Bombenhagel vertrieb Nonnen aus Ypern nach Irland
Eine Leidgeschichte, die man nicht mehr sehen kann
Das belgische Ypern, Siegens Partnerstadt, war im 1. Weltkrieg schwerem und anhaltendem Bombardement und Granatfeuer unterworfen. Davon war auch eine Abtei von Benediktinerinnen betroffen, die in Ypern „De Ierschen Damen” - die irischen Damen - hieß. Das war eine Tragik der Geschichte: Im 17. und 18. Jahrhundert wurden in Irland Katholiken ihres Glaubens wegen von der englischen Regierung verfolgt. Adelige Familien suchten darum, ihre Töchter im Ausland in Schutz zu geben und in der vertrauten Religion unterweisen zu lassen. Zuerst kamen sie als Schülerinnen. Nicht wenige von ihnen traten später dem Benediktinerinnenorden bei. Die Abtei geht auf die persönliche Initiative der Lady Mary Percy aus Northumberland zurück, deren Vater ein Feind Königin Elisabeths I. war, so dass die Familie das Weite suchen mußte. Die Abtei selbst wurde 1665 gegründet. Im Jahre 1682 wurde sie als irisches Kloster anerkannt.

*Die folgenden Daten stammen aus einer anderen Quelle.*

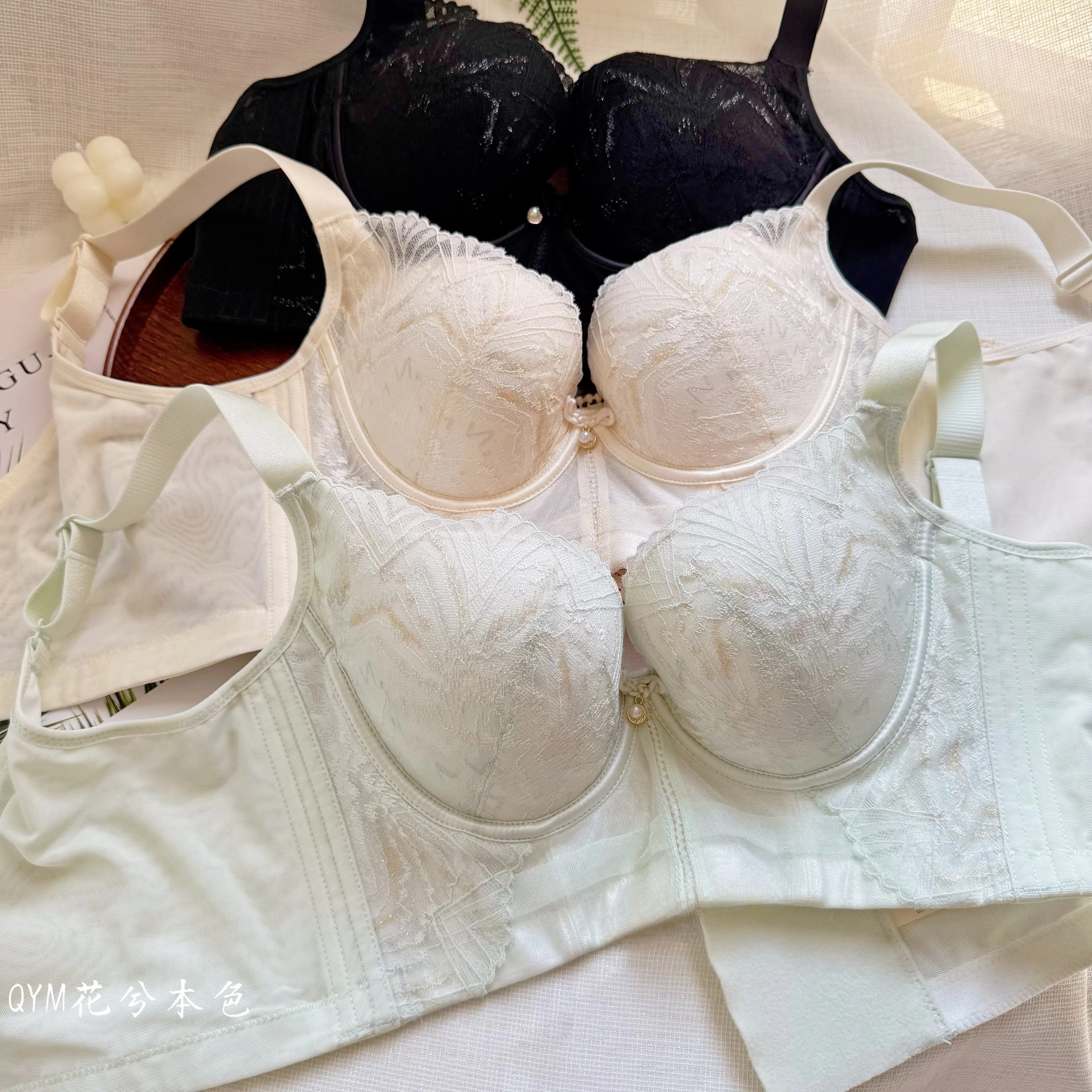 奢华刺绣收副乳内衣五排扣性感蕾丝调整型聚拢上托防下垂文胸罩女
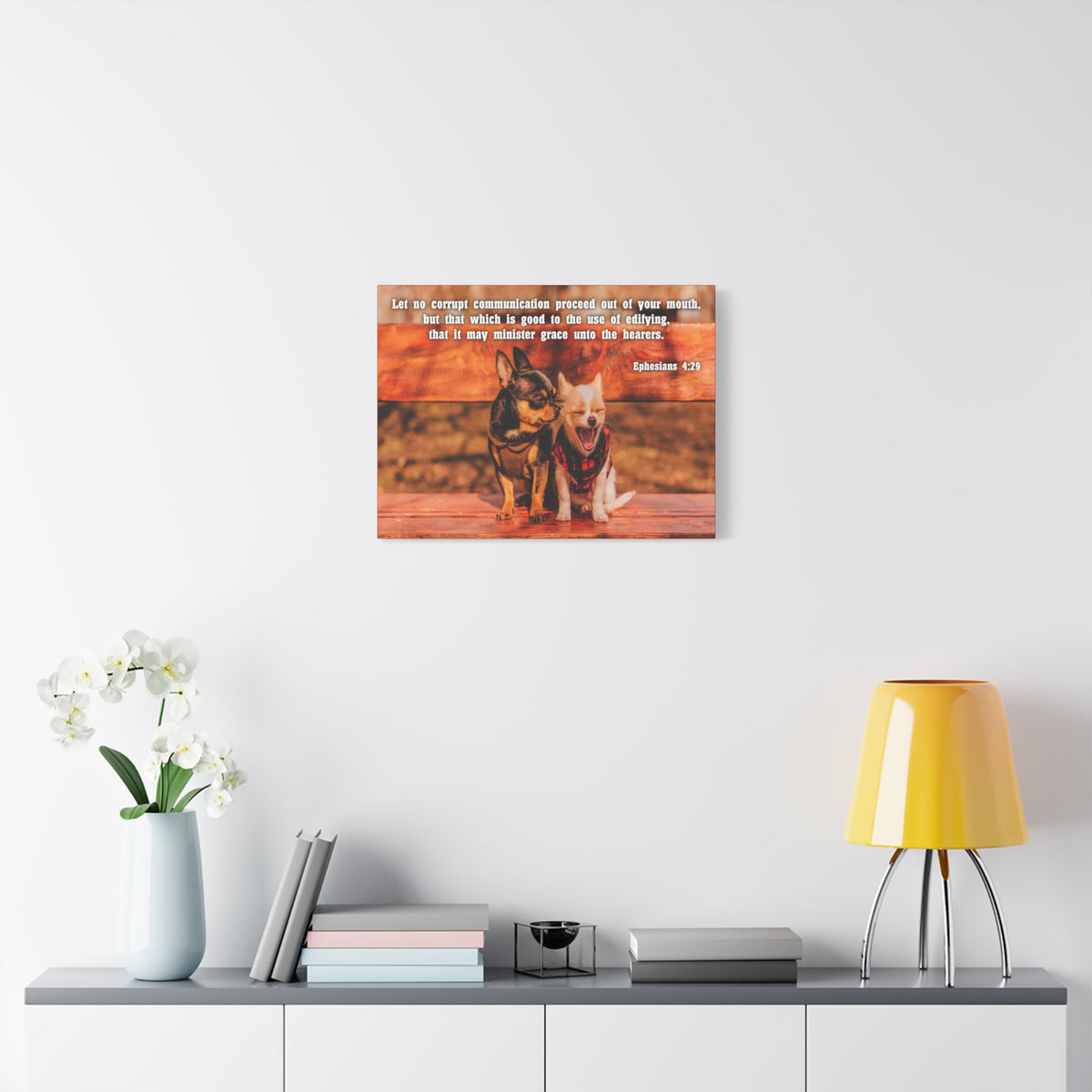 Scripture Canvas Grace Unto The Hearers Ephesians 4:29 Christian Wall Art Bible Verse Print Ready to Hang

Verfolger werden zu Helfern
Im Jahre 1914 wandten sich die ausgebombten Nonnen an das britische Heer. Dieses Mal war die Armee der ehemaligen Verfolger behilflich. Sie brachten die Nonnen zunächst nach Calais und Dover. Nach einer Pause in der Schwesterabtei in Oulton in Staffordshire kehrten die Schwestern des Yperner Ordens von dort in das Land ihres Ursprungs, Irland, zurück. Eine ehemalige Burg, Macmine Castle in der Nähe von Wexford, nicht weit vom Fährhafen Rosslare entfernt, war ihr erster Zufluchtsort in Irland. Aber für den Aufbau eines Schulbetriebs war die Burg auf Dauer zu klein.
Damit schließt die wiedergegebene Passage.